START Given data

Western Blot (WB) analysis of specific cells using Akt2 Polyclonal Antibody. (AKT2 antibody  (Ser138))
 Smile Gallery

END Given data
START Given data

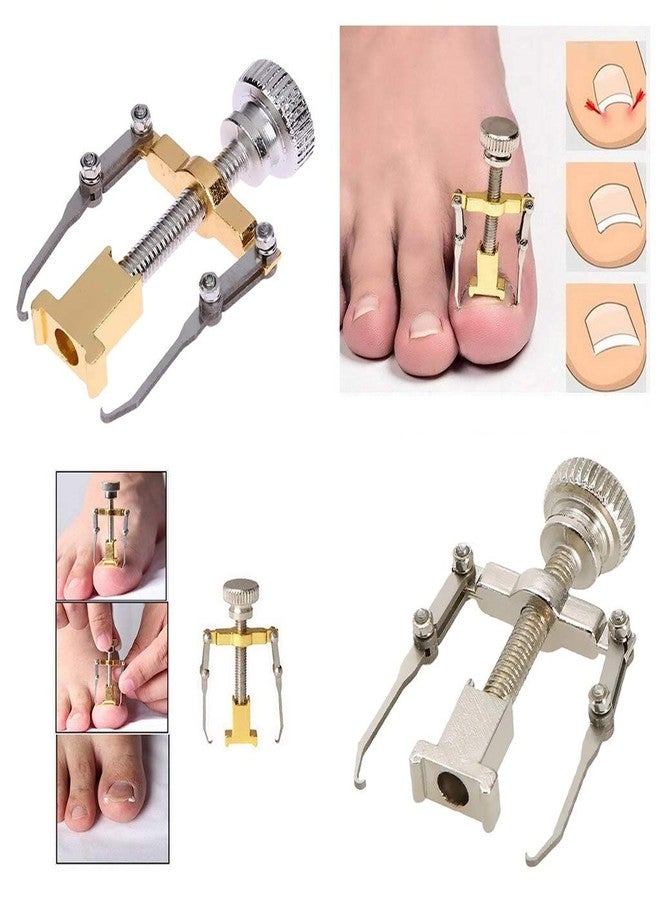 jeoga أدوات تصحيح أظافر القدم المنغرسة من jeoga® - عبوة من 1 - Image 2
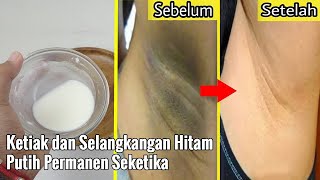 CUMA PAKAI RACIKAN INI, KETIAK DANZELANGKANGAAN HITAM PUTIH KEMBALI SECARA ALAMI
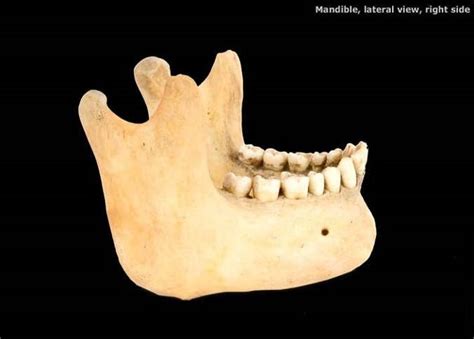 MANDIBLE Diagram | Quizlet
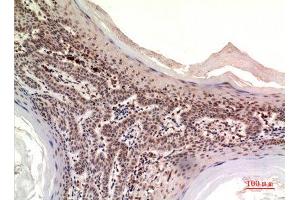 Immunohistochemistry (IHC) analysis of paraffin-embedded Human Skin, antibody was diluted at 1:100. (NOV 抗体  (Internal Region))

END Given data
START Given data

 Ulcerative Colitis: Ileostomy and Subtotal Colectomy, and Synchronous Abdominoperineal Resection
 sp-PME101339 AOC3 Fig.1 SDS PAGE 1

END Given data

▶ **Exercise objective**
All lines above from the line with "Western Blot (WB)" through the line with "Smile Gallery", both included, are to be set down exactly, with nothing else.

▶ **Output of the exercise**
Western Blot (WB) analysis of specific cells using Akt2 Polyclonal Antibody. (AKT2 antibody  (Ser138))
 Smile Gallery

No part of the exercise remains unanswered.